### Assignment
Only one stretch of the data below is needed. Output the lines from the one with "Touchdown Season American" up to and including the one with "Schloss Neuschwanstein und", exactly as they stand.

### Provided data
*** Block opens ***

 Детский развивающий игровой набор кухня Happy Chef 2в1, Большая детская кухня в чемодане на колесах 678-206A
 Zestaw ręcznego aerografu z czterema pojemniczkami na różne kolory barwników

*** Block closes ***
*** Block opens ***

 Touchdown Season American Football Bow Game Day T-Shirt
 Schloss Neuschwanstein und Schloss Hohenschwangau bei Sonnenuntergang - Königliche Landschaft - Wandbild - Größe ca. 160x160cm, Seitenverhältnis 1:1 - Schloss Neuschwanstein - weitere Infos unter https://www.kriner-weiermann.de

*** Block closes ***
*** Block opens ***

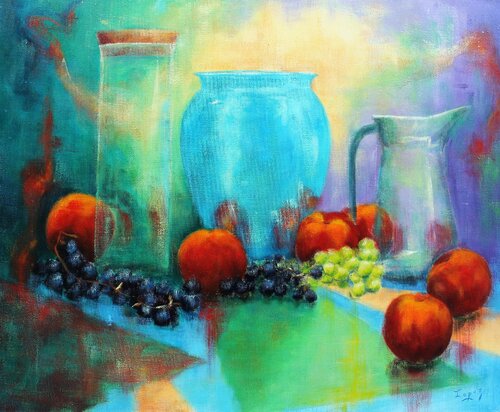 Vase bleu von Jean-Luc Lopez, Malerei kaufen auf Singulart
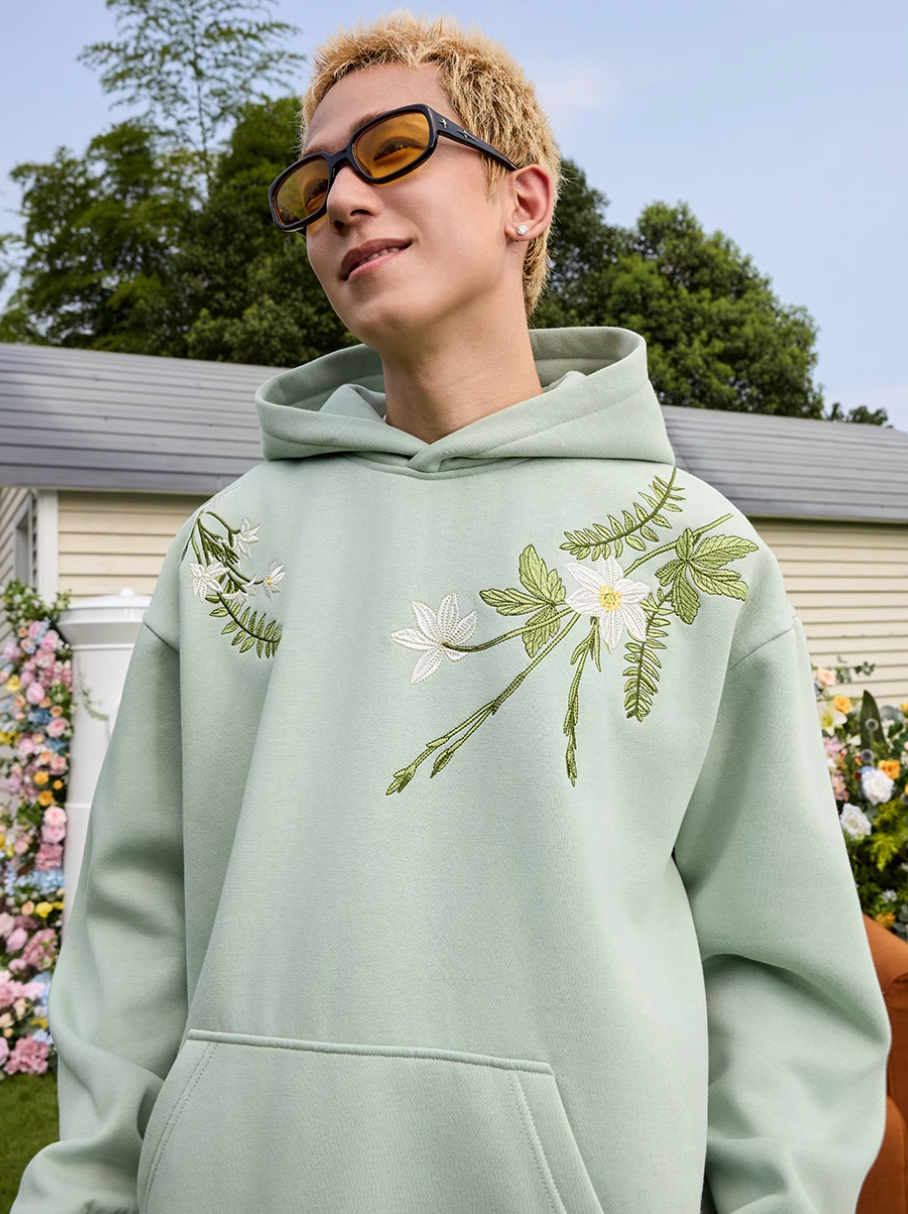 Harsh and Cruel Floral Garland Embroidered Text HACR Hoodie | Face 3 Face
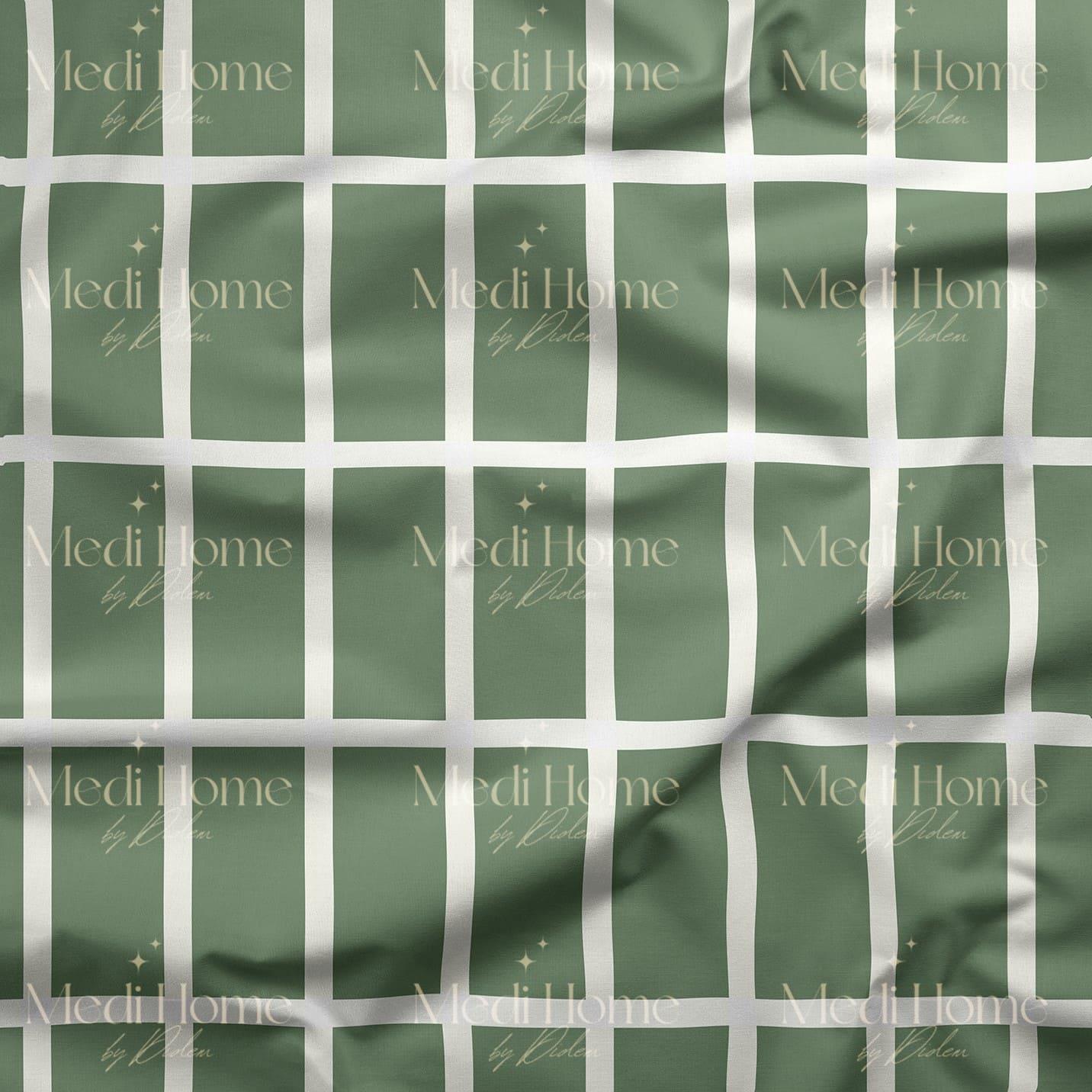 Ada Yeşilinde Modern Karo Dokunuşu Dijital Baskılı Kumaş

*** Block closes ***

### Solution to the exercise
 Touchdown Season American Football Bow Game Day T-Shirt
 Schloss Neuschwanstein und Schloss Hohenschwangau bei Sonnenuntergang - Königliche Landschaft - Wandbild - Größe ca. 160x160cm, Seitenverhältnis 1:1 - Schloss Neuschwanstein - weitere Infos unter https://www.kriner-weiermann.de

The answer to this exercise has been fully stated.